++++ Given data

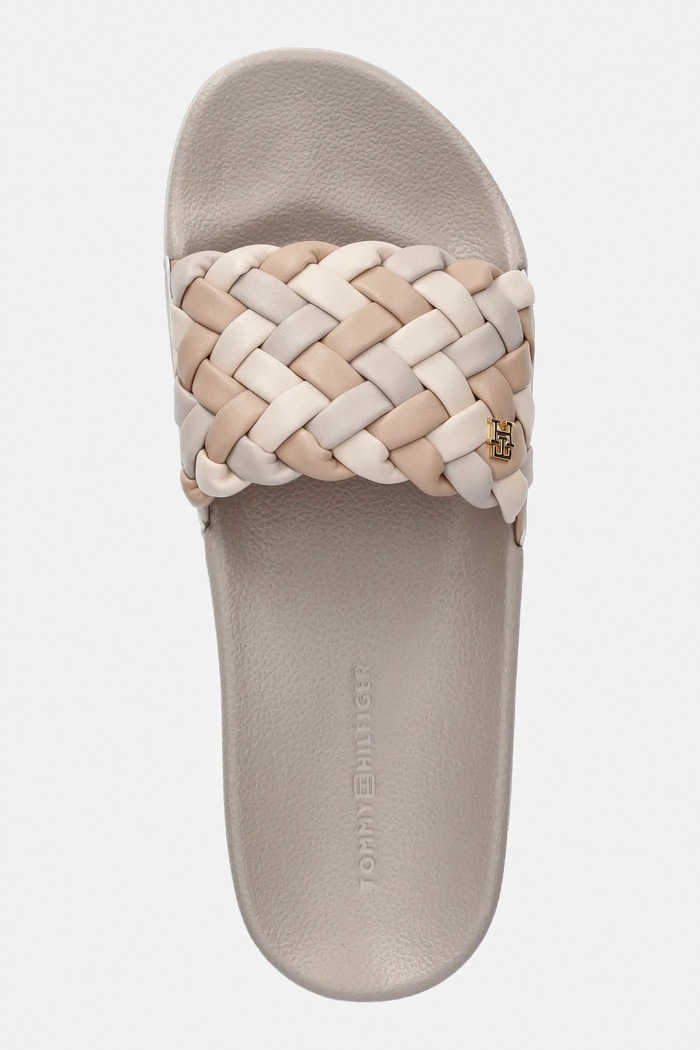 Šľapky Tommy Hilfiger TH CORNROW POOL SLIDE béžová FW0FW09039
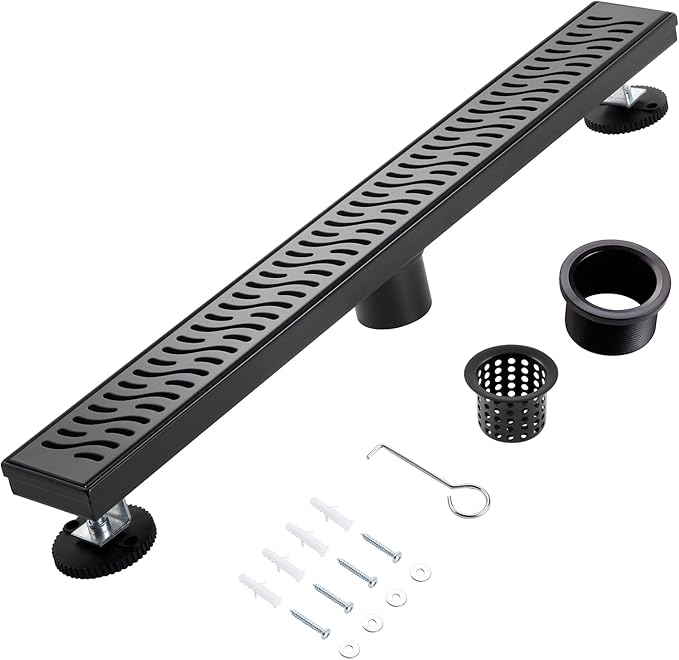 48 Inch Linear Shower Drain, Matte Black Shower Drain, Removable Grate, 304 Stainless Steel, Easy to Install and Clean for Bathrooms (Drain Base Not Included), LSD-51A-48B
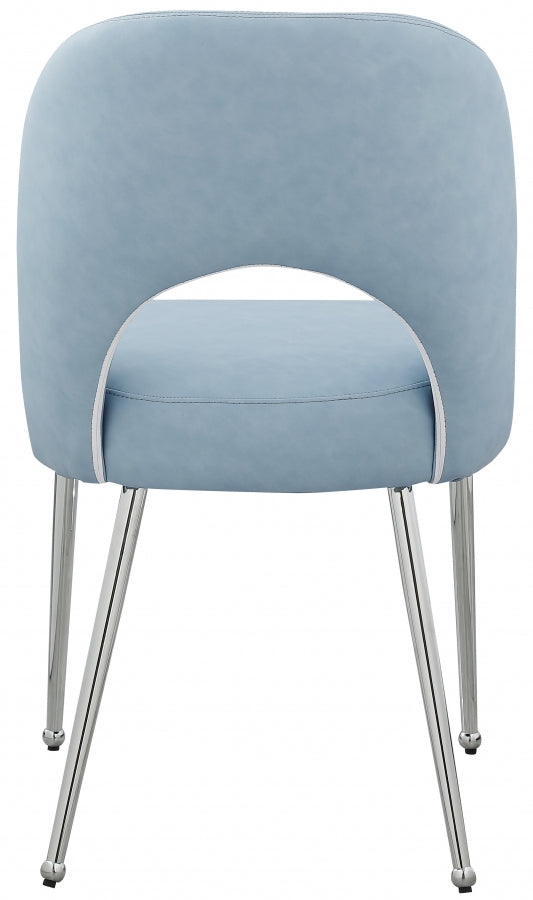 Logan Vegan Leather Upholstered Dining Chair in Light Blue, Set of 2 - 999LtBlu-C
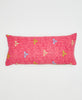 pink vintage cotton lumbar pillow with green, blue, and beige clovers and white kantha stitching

++++++++

> _Exercise_: Print the data again, word for word, without any pictures.

> _Task answer_:
 Šľapky Tommy Hilfiger TH CORNROW POOL SLIDE béžová FW0FW09039
 48 Inch Linear Shower Drain, Matte Black Shower Drain, Removable Grate, 304 Stainless Steel, Easy to Install and Clean for Bathrooms (Drain Base Not Included), LSD-51A-48B
 Logan Vegan Leather Upholstered Dining Chair in Light Blue, Set of 2 - 999LtBlu-C
 pink vintage cotton lumbar pillow with green, blue, and beige clovers and white kantha stitching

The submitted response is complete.